Dear George!

So I’ve been waiting for this insane sort of a situation to happen for about 20 years now. That is, a major part / piece of international IT infrastructure failing. I’m of course talking about the recent crowdstrike failure.

With regards Cyber Security, large companies like to pay someone else to take care of the problem for them. It means they can avoid accountability and pass the buck to someone else. Strange how the crowdstrike stock price is tanking!

https://www.google.com/search?q=crowdstrike+stock+price

The crowdstrike issue was / is an example of humans loving the fact that they can pass the buck. It’s also about environments that lack diversity and this creates or leaves open a single point of failure.
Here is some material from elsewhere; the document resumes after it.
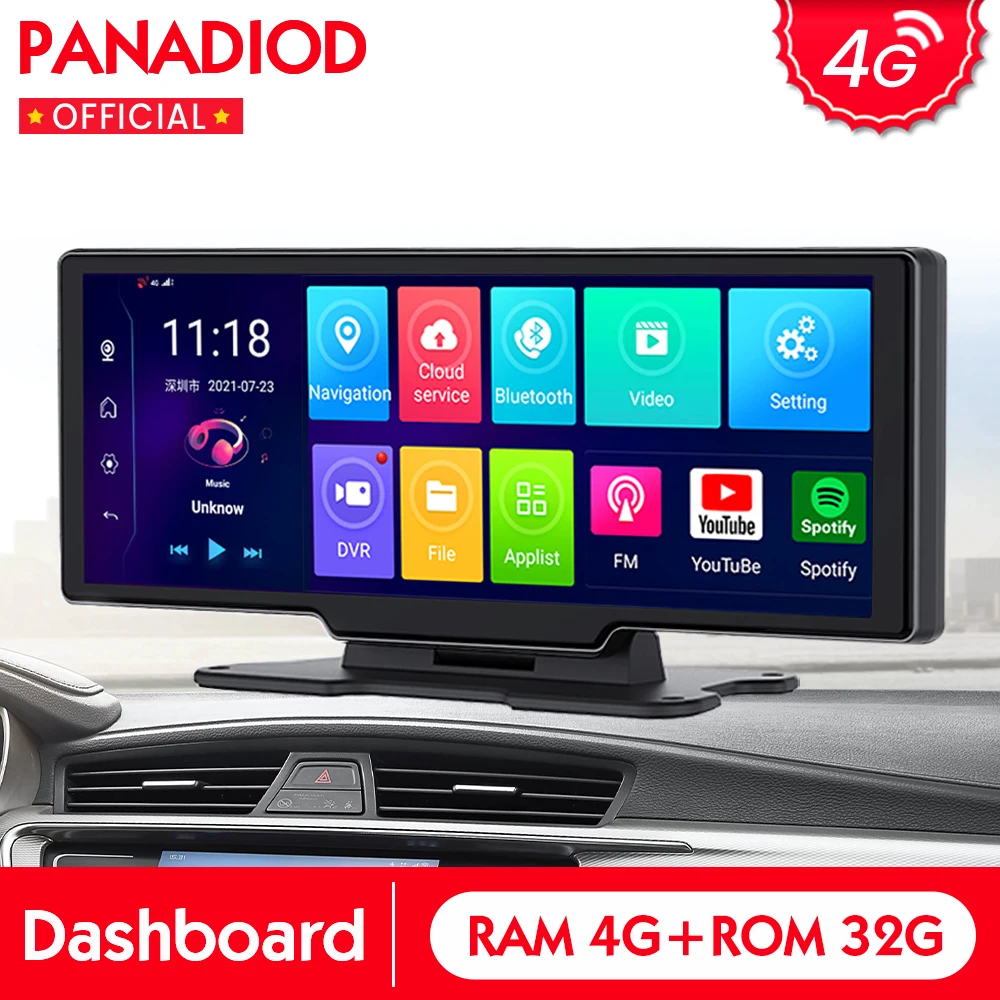 Автомобильное зеркало заднего вида 10 26 дюйма 4G Android Автомобильный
Many many machines are going to have to be physically restarted and modified to sort this problem, and the answer to all this is something IT tends to shy away from – that being an environment of variation can be a lot more robust.

What do I mean by this? The answer is a variety of operating systems (ie Mac, Linux, Bsd even Android or ChromeOS) both at the server and user level. Not to mention a variety of routers and switches all carefully constructed to operate together. It’s an interesting thought experiment that few people want to consider because, we are all about the bottom dollar! We want things to be as easy as possible!

The crowdstrike insanity is a huge home goal event, an embarrassing hiccup for a number of companies and even your humble author (I had to go and find cash to try to pay for my weekend vino! By the time I came back the store had closed, because even their cash draws no longer could function)!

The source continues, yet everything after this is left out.